Write the full listing out again, word for word, but omit the pictures.

- Dataset content -
★ ★ ★ ★ ★ ★ ★
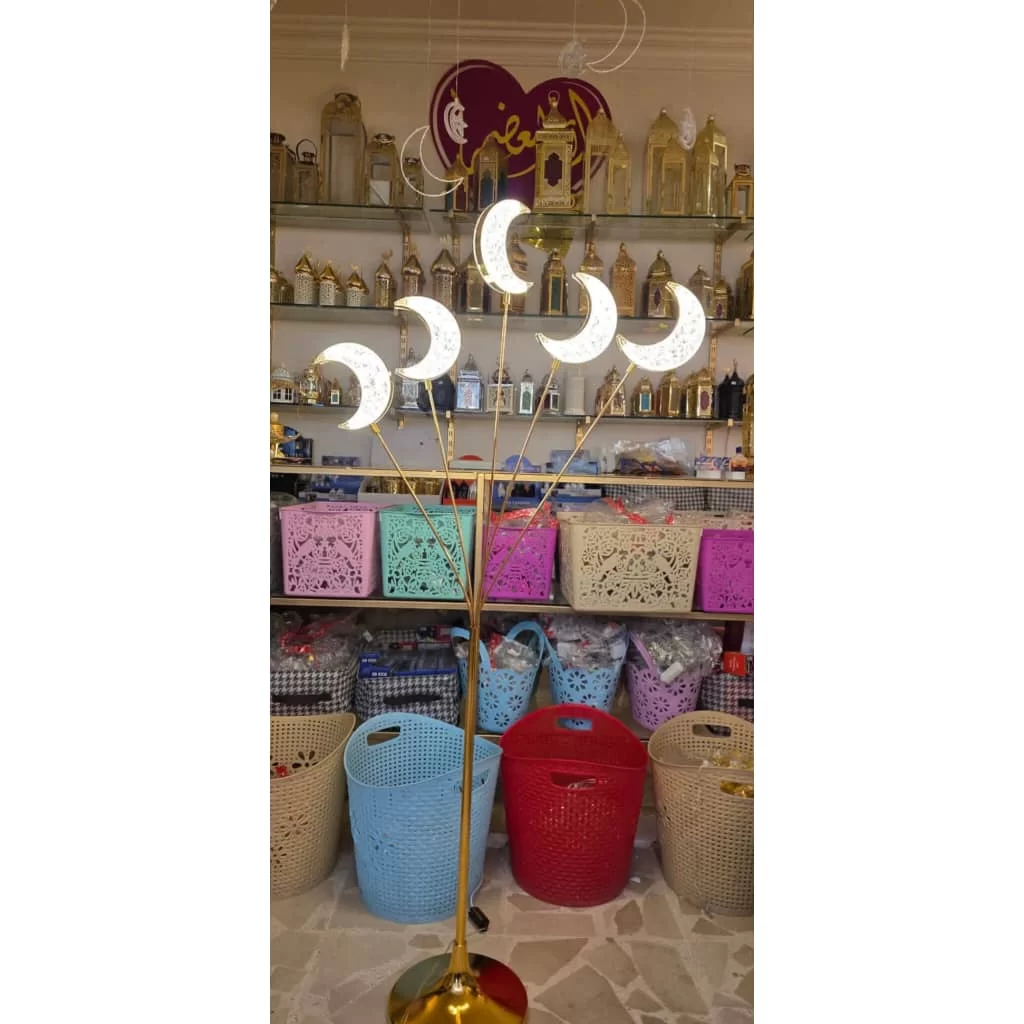 WhatsApp Image 2026 01 20 at 8.11.38 PM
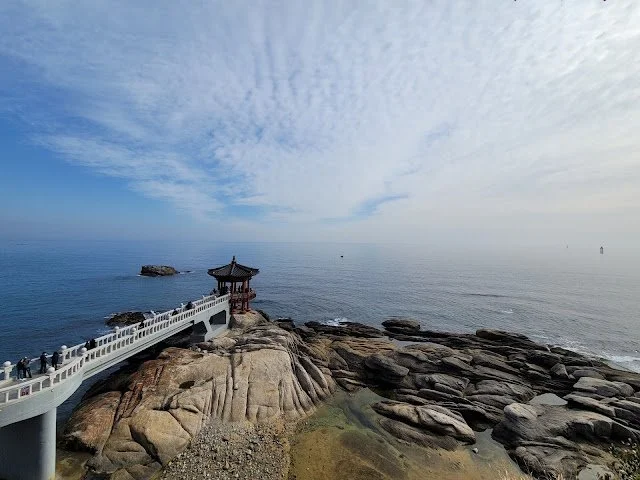 Winter in Sokcho by Elisa Shua Dusapin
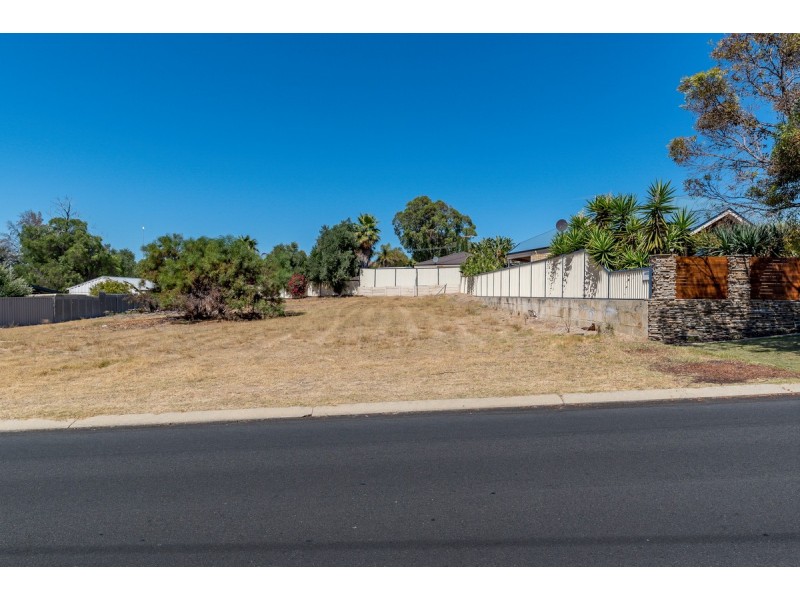 17 Mercedes Avenue, Falcon WA 6210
★ ★ ★ ★ ★ ★ ★
- Solution to the exercise -
 WhatsApp Image 2026 01 20 at 8.11.38 PM
 Winter in Sokcho by Elisa Shua Dusapin
 17 Mercedes Avenue, Falcon WA 6210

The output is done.